TASK DETAILS: Nothing but the lines from the one with "24421 Pueblo Ct, Tehachapi, CA 93561-9272" through the end of the listing should be reproduced, each exactly and with pictures omitted.

PROVIDED MATERIAL:
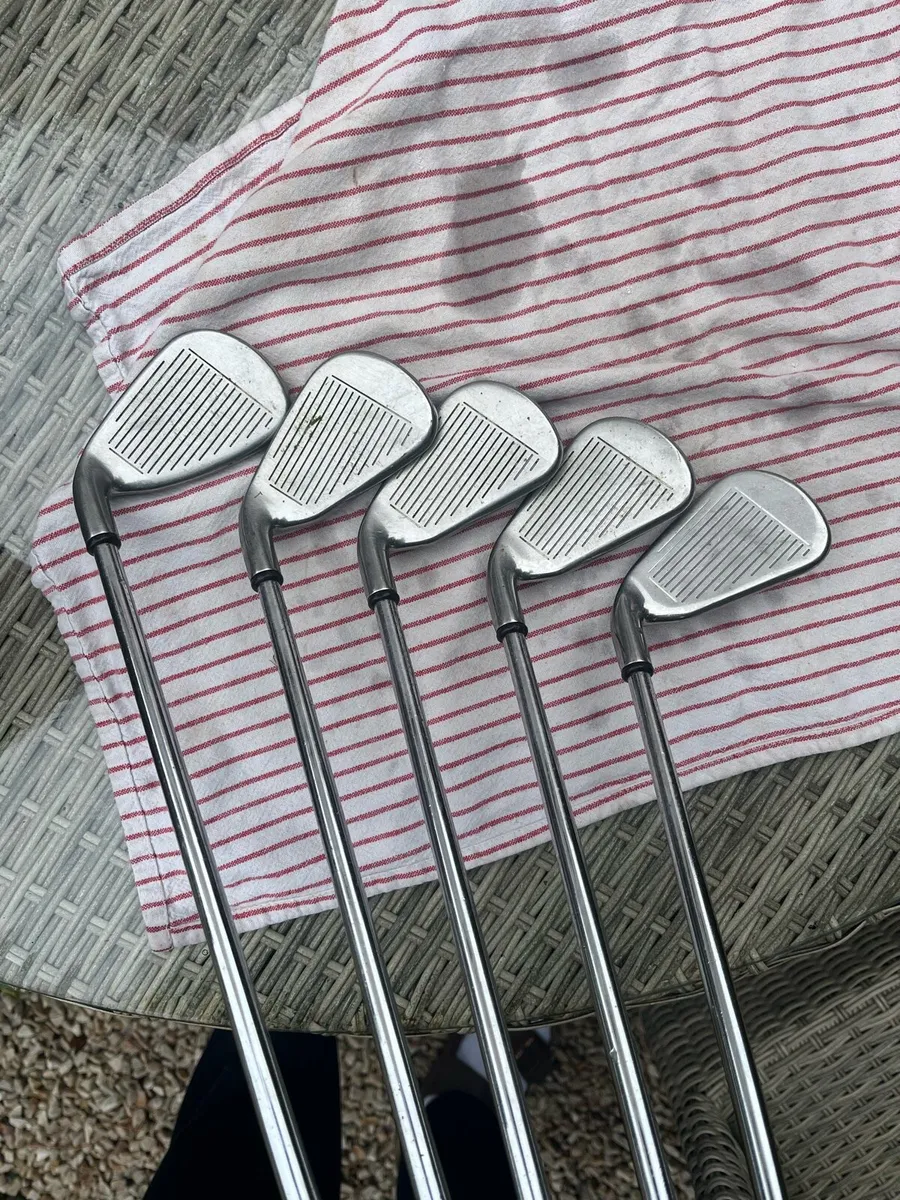 Golf clubs - Image 1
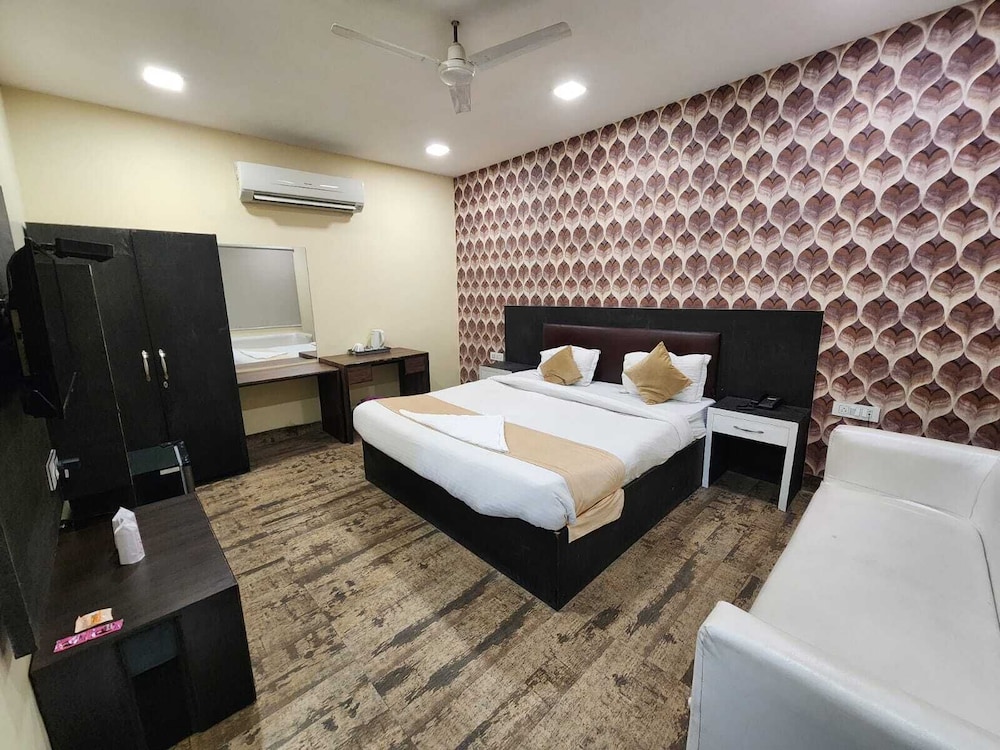 Executive Double or Twin Room - Photo 9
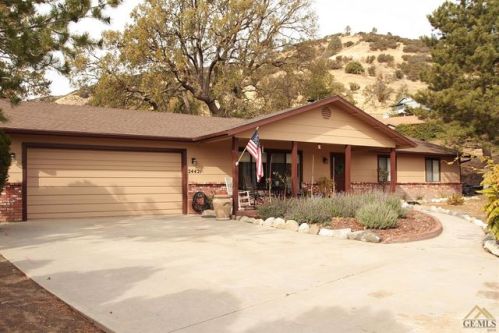 24421 Pueblo Ct, Tehachapi, CA 93561-9272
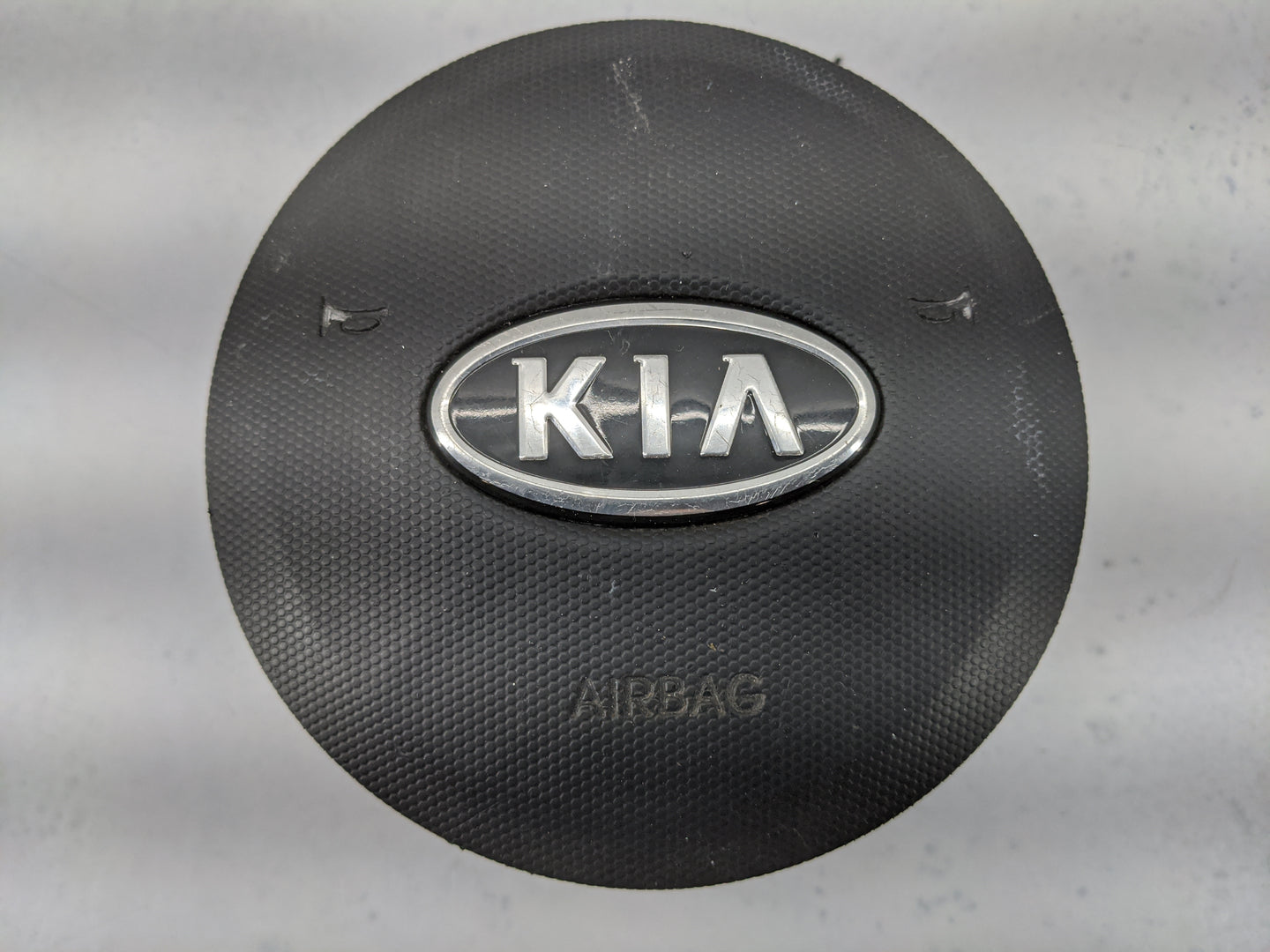 2010-2011 Kia Soul Air Bag Driver Left Steering Wheel Mounted 1477604 - Oemusedautoparts1.com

RESPONSE:
 24421 Pueblo Ct, Tehachapi, CA 93561-9272
 2010-2011 Kia Soul Air Bag Driver Left Steering Wheel Mounted 1477604 - Oemusedautoparts1.com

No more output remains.